In this last year, Hovinen played in 26 games for Jokerit Helsinki, posting a 3.12 GAA and a .919 save percentage. Another thing to note is that Hovinen was playing behind a rather porous defense, often surrendering around 40 shots on net per game. Hovinen only appeared in one game in the U20 tourney and was unable to put forth his best effort, a 4.00 GAA and .882 save percentage was the result.
Julian Walker, C — EHC Basel, Swiss
6th (162nd overall), 6’2 209
Third time’s a charm especially for Julian Walker, who went through two previous drafts without being selected. Walker posted two goals in 37 games last year for EHC Basel, and in the WJC he posted four points in six games for the Swiss.
With this pick, the Wild took a player who has shown solid progress as of late. In this year’s WJC, he lead the surprising Swiss team to a tie against the Americans and, as a result, nearly a medal-round berth. Walker outplayed current Wild prospect Julian Sprunger in each game and was an absolute physical force. He combined that style with good offensive skills and a heavy shot.
If Walker continues to develop the way he has recently, he may be able to add a little physical scoring touch to the ranks within the Wild organization. Even if he does not pan out, gambling with your sixth round selection on a player who has been progressing like Walker is a good risk to take.

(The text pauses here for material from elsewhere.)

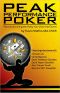 Peak Performance Poker · Revolutionizing the Way You View the Game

Chris Hickey, C — Cretin-Derham Hall, MN HS
7th (192nd overall), 6’1 190
With the Wild’s final selection in the 2006 NHL Entry Draft, they called the name of a hometown kid, a 6’1 center from Cretin-Derham Hall, Chris Hickey. Last year in his junior year of competition, Hickey tallied 37 goals, 25 assists in 31 games. While helping his team to the 2006 state championship in three tournament games, Hickey had six goals, scoring two goals in every game the team played including the game-winning goal in the championship.
Hickey still has several years of development before assessing where he may fit with the Wild. He will attend the University of Wisconsin beginning in 2008.